Tedavi edici kanser aşıları için ise melanomada (bir tür cilt
kanseri) ve böbrek tümörlerinde çalışmalar mevcuttur. Genel
olarak yanıtlar sınırlı olup %5 civarındadır.Tam yanıt çok daha
nadirdir ama mevcuttur. Kolon kanserleri için gene çok sayıda
ufak çalışma mevcuttur (Nagorsen et al, Clinical and
immunological responses to active specific cancer vaccines in
human colorectal cancer
Yumurtalık kanseri (over kanseri) için değişik tedavi edici aşı
stratejileri denenmekte fakat yeterli klinik yarar henüz
sağlanamamaktadır. Kullanılan değişik aşılar: NY-ESO-1: Kanser
testis Ag’ine karşı, Oregovomab: CA-125’e karşı, Anti-idiotip
aşılar ((abagovomab): imunojenisiteyi arttırır), GM2 aşısı
(antikor üretimini arttırır), Dendritik aşılar, Protein, DNA ,
lizat aşıları, Otolog, alojeneik hücre aşıları, Folat reseptör
hedefli aşılar olarak özetlenebilir (Sabbatini, Immunological
approaches to ovarian cancer treatment. JCO, 2007). Benzer
şekilde küçük hücreli akciğer kanseri için BEC-2 ve p53
dendritik hücre aşıları denemektedir, belirgin olarak yanıt
oldukça nadirdir. Lösemide (AML, kan kanseri) de değişik aşılar
denemektedir. Uzun dönem sonuçlar henüz mevcut değildir.
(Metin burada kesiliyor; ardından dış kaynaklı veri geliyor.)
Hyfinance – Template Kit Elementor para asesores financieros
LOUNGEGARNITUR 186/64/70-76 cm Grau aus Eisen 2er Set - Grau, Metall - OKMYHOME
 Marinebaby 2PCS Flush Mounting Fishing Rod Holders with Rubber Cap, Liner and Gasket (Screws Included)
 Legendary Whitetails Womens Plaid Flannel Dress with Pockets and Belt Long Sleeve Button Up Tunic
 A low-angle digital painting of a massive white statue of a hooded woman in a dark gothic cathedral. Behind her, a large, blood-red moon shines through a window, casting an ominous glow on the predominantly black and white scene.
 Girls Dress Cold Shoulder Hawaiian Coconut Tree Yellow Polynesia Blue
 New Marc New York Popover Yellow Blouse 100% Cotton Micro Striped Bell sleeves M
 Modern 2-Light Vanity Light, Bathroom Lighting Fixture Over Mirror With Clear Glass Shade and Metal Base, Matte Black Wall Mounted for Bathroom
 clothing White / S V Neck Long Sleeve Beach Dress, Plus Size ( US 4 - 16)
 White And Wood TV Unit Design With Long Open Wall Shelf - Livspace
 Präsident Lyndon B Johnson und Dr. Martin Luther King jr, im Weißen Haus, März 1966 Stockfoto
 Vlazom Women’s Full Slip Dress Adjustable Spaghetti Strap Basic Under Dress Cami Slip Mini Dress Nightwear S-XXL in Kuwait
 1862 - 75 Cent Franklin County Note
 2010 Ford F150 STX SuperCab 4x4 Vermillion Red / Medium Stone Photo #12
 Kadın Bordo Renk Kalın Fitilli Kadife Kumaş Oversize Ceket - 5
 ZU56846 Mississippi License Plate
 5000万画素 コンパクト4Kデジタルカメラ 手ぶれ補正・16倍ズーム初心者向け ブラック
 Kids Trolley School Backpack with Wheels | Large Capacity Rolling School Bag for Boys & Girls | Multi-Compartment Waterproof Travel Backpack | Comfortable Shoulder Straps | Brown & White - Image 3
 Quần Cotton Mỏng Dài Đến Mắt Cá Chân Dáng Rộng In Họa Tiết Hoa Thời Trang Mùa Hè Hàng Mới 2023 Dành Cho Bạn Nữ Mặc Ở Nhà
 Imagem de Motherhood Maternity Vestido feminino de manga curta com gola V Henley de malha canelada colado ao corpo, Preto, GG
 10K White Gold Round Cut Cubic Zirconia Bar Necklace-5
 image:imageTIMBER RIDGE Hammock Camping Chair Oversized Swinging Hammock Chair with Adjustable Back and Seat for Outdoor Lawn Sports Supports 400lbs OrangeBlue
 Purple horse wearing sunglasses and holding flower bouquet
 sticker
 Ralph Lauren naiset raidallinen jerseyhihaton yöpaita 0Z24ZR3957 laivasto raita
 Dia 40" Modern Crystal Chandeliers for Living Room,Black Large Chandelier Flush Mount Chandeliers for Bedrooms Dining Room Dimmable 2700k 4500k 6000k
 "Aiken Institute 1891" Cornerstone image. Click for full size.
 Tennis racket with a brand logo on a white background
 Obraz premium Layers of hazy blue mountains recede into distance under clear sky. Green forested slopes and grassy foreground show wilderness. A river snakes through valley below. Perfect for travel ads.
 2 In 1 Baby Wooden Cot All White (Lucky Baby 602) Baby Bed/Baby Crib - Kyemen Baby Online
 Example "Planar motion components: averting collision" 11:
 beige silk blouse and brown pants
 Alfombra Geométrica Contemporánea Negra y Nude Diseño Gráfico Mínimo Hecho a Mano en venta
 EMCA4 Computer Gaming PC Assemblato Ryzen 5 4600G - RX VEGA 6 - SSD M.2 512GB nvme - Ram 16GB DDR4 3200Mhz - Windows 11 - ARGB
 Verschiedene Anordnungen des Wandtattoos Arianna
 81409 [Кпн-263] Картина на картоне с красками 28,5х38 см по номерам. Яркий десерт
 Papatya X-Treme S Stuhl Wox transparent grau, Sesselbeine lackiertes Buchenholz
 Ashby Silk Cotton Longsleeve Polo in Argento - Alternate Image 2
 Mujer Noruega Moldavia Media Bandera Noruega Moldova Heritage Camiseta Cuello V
Bir başka savunma sistemini kuvvetlendiren tedavi türü adoptif
hücresel tedavilerdir. Bunda vücut bir antijenle uyarılmakta
(tümör hücresi gibi) ve oluşan bazı savunma hücreleri vücut
dışına alınarak çoğaltılmakta ve tekrar vücuda diğer ilaçlarla
birlikte geri verilmektedir.
Ancak genel olarak tüm savunma sistemi kaynaklı tedavilerin (aşı
ve adoptif hücresel tedaviler gibi) geliştirilmesi için daha
fazla bilimsel çalışmaya ihtiyaç olduğu açıktır.
Sonuç olarak tedavi edici kanser aşıları günümüzde kanser
tedavisinde çözüm bulmaktan uzaktır.